The MELD score, the GAHS and the Age-Bilirubin-International normalised ratio-Creatinine (ABIC) score are also useful for predicting 30-day and 90-day mortality in patients with AH and take into account renal function assessment.^11–14 Although the MDF remains the most commonly used score in clinical studies and in many centres, the MELD, GAHS and ABIC scores appear to have similar efficacy for predicting short-term mortality in AH patients¹⁵ and are used according to the local practice of each centre. The variables included in the scoring systems for AH and the cut-offs used to determine the severity of the disease are shown in Table 2.

Table 2.

Variables included in the most commonly used prognostic scores for alcoholic hepatitis patients

Scores	Bilirubin	PT/INR	Creatinine	Age	Albumin	Urea	WCC	Δbilirubin	Cut-off
MDF	+	+							Severe≥32
MELD	+	+	+						Severe≥21
GAHS	+	+		+		+	+		Severe≥9
ABIC	+	+	+	+					Low risk≤6.71Severe>9
Lille	+	+	+	+	+			+	FR<0.16PR 0.16–0.56NR≥0.56

ABIC: Age-Bilirubin-International normalised ratio-Creatinine; FR: full responder; GAHS: Glasgow Alcoholic Hepatitis score; INR: international normalised ratio; MDF: Maddrey’s discriminant function; MELD: Model for End-stage Liver Disease; NR: null responder to corticosteroids; PR: partial responder; PT: prothrombin time; WCC: white cell count.

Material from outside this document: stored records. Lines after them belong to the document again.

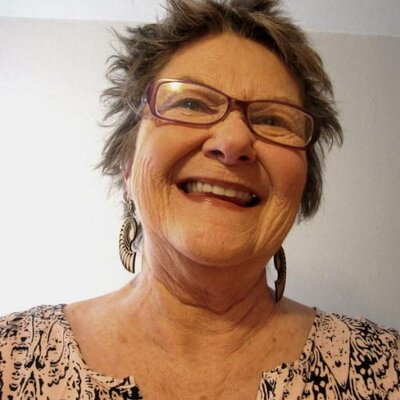 Profile Picture of Susan Templeton (@stalice11) on Twitter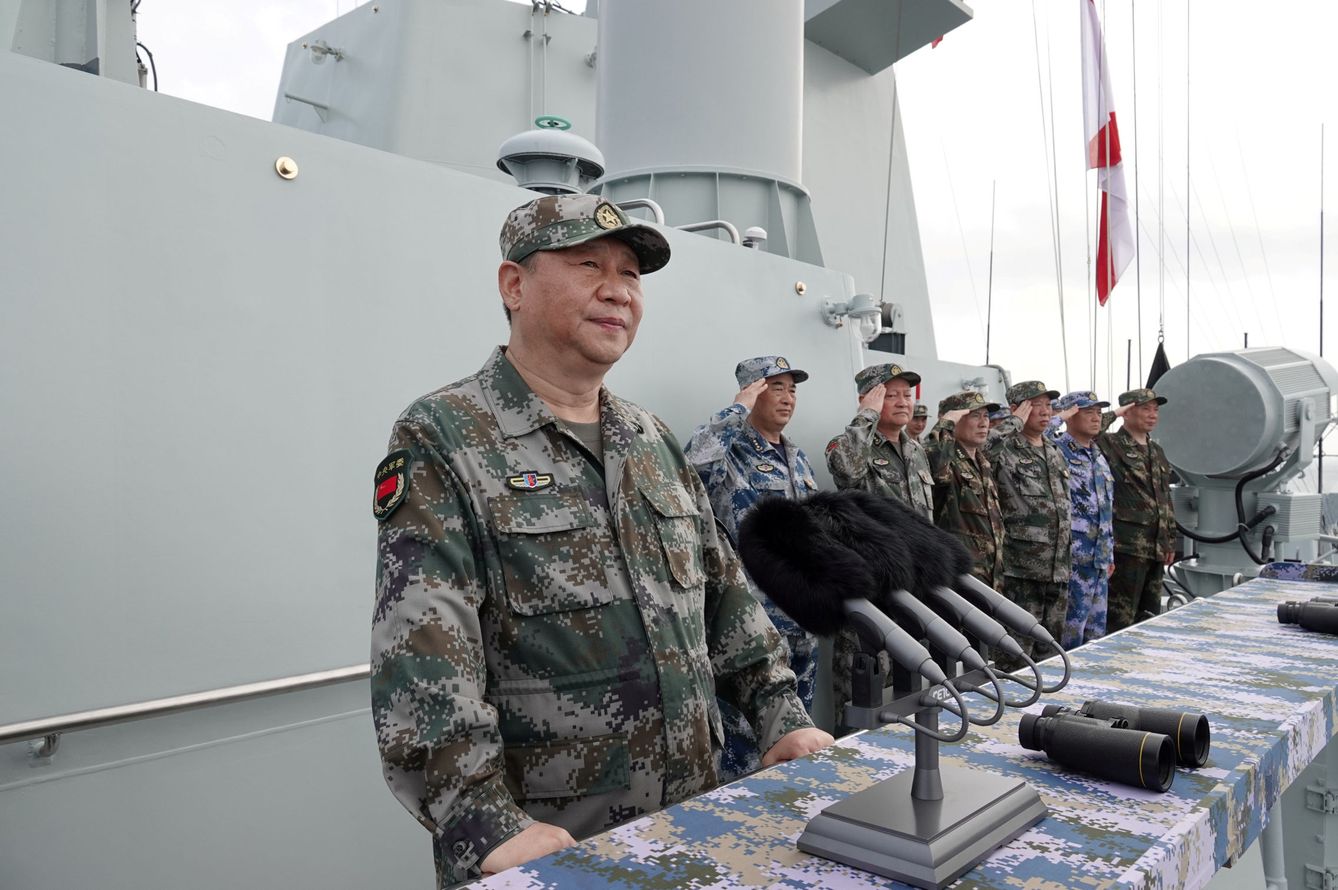 Xi Jinping, vestido de militar. (EFE)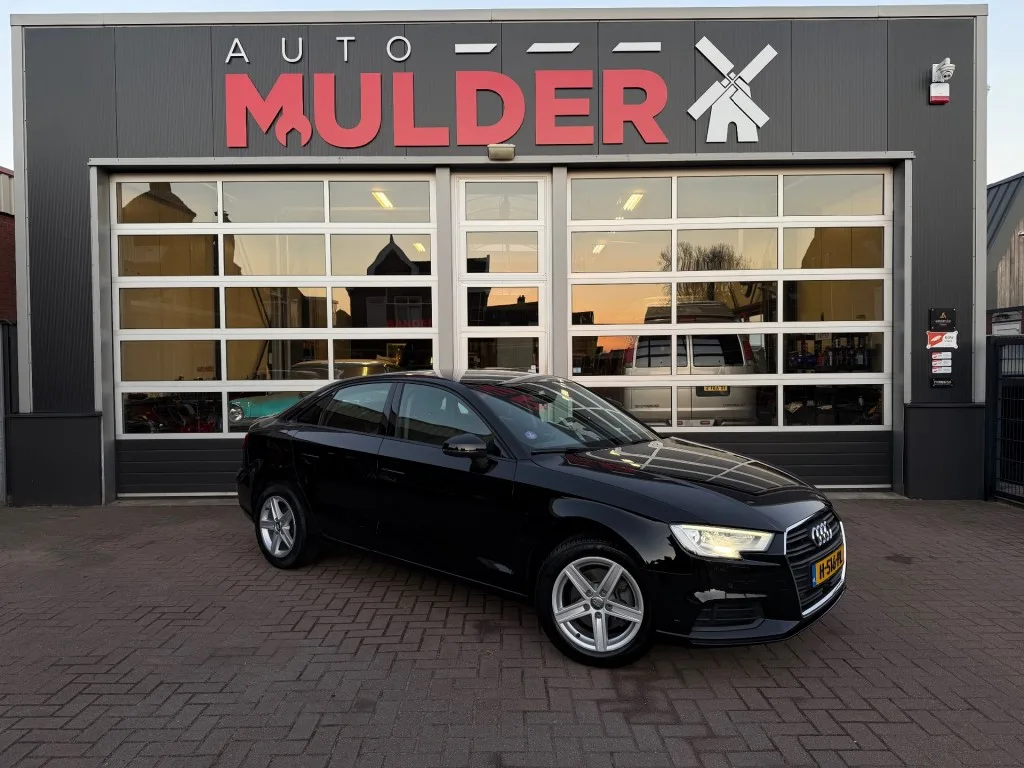 Audi A3 (2018) — foto 1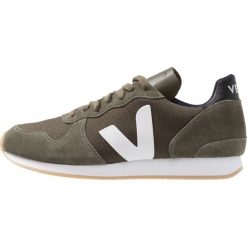 Veja HOLIDAY Sneakersy niskie olive/white. Zielone trampki i tenisówki damskie marki Veja, bez wzorów, ze skóry, bez zapięcia. Za 479,00 zł.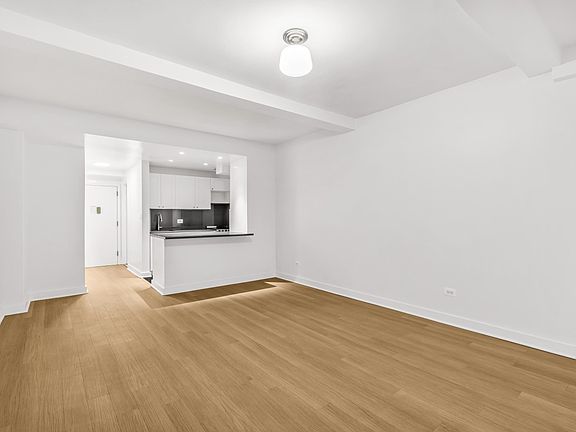 3rd image of 307 E 44th St APT B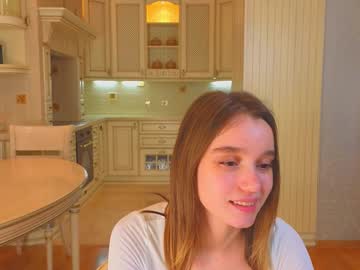 girl
        harrieteasley cam image #5237095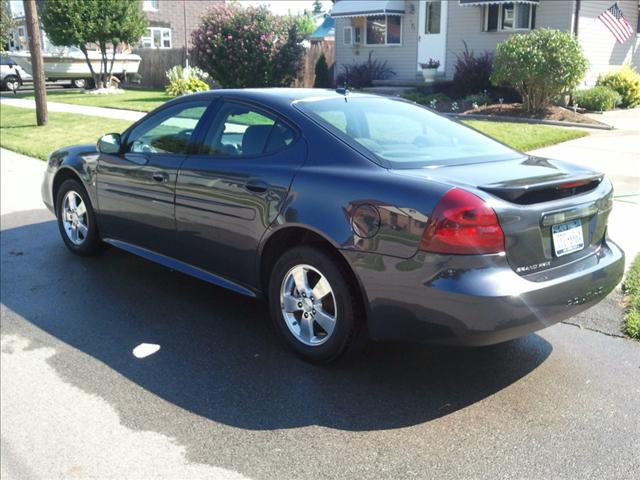 Pontiac Grand Prix 2008 photo 3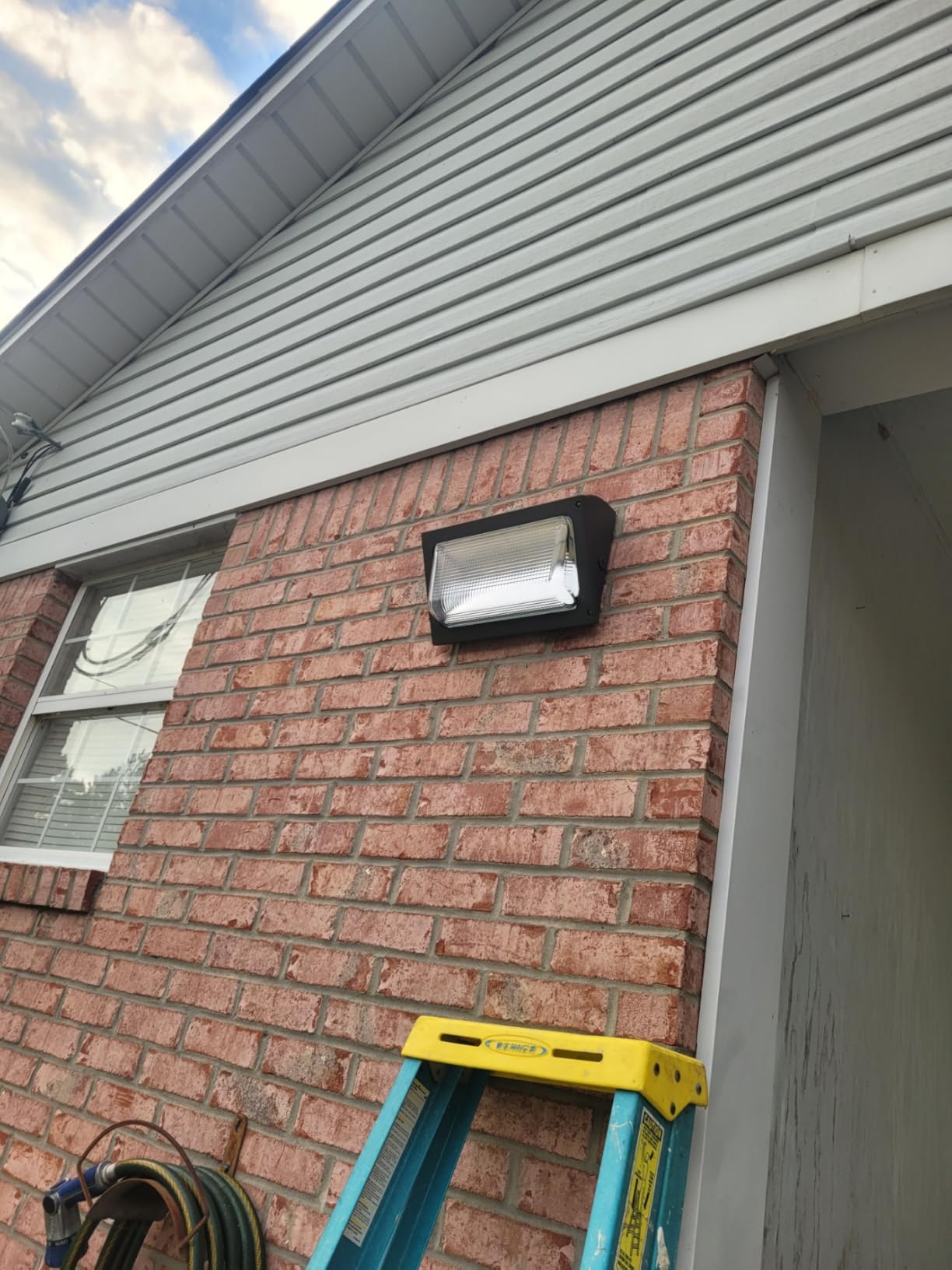 HYPERLITE LED Wall Pack Light 120W with Dusk to Dawn Photocell and Glass Lens LED Security Flood Commercial and Industrial Outdoor LED Wall Lights Out Door for House Warehouses UL Listed customer photo 2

More recently, baseline neutrophil-to-lymphocyte ratio (NLR) has been suggested as a measure that may help to stratify risk and likelihood of CS response in patients with AH. Patients with low (<5) and high (>8) NLR values do not appear to derive benefit from CS treatment. NLR has been incorporated into the GAHS score in place of the white cell count to create the modified GAHS (mGAHS) and this has improved the discriminatory power of the score.¹⁶ However, validation studies are needed before NLR can be recommended for routine clinical practice.

Some histological features are also associated with severity and mortality in AH. Specifically, degree of fibrosis, neutrophil infiltration, type of bilirubinostasis and the presence of megamitochondria have been found to be independently associated with 90-day mortality and are included in the Alcoholic Hepatitis Histological Score (AHHS).¹⁷

New markers, such as serum transferrin, have shown promise as tools for prediction of mortality in patients with severe AH.¹⁸ However, validation studies are needed before recommending their routine use.

Due to the fact that early improvement in liver function has an important impact on short-term mortality in patients with severe AH, dynamic variables, such as those used in the Lille Model, are used as markers of therapeutic response to CS therapy.

How do we identify patients suitable for CS therapy?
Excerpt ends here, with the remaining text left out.